When Never Forget Regains Its Spine

I started writing this shortly after the attacks on the Paris police, Charlie Hebdo, and the kosher deli/market by sympathizers of Daesh (aka ISIS, but let’s start calling them Daesh, they hate it). I feel like today (January 27, 2015) is a good day to finish it. Especially with the latest question posed by @bbcbigquestion, about laying discussion about the Holocaust to rest.

Take out a pen/pencil and paper and prepare to copy.

I grew up in an interfaith family, multicultural. My father is Jewish. My mother was raised Roman Catholic, though we can trace back about 200-300 years for Jewish ancestry from Verona, as well as 150 years back in Calabria, where a mass conversion to the Light of the Burning Bush took place.

Growing up, I never felt too many strong ties to Israel, or the community. Funny, considering my great-grandpa Max was homies with Golda Meir, BAMF of the Decade, 1970-1979, before she made Aliyah.

I grew up obsessed with the American military. Two grandpas were in the service. Pasquale (my mom’s dad) was a US Army doctor in the Pacific Theater. My dad’s dad, Gabriel (who passed away last year), was a US Navy officer in the Pacific Theater, with five invasions under his belt: Luzon, Saipan and Tinian, Okinawa, and Peleliu. He started off as the forward anti-aircraft battery officer (a harbinger of things to come, for me), and became the chief engineer, and eventually the XO of his ship. In addition to that, he also would direct the tanks out of the belly of his ship, LST-267. He hit the beaches with nothing more than a helmet, a life preserver, and a Colt M1911 pistol (Colt .45 for the uninitiated). And he was a Jew.

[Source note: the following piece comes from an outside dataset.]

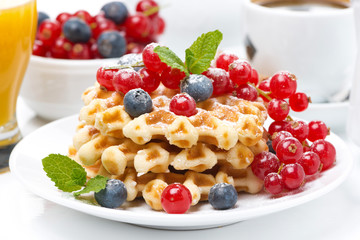 delicious breakfast with Belgian waffles and berries, close-up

“I, Charles Samuel Muirhead Jasper, having been appointed an officer in the Army of the United States, as indicated above in the grade of Second Lieutenant, do solemnly swear that I will support and defend the Constitution of the United States against ALL ENEMIES, FOREIGN AND DOMESTIC, that I will bear true faith and allegiance to the same; that I take this obligation freely, without any mental reservations or purpose of evasion; and that I will well and faithfully discharge the duties of the office upon which I am about to enter; So help me God.”

I entered service, officially, in May 2006, upon being commissioned as a 2nd Lieutenant in the US Army’s Air Defense Artillery Corps.

Jews aren’t very common in our nation’s military, and we get perfunctory thanks for our service from the “slick civilians” in the community. In some cases, funny looks and/or awkward silences as we stand alone when the Consul-General acknowledges us in the crowd at the FIDF gala.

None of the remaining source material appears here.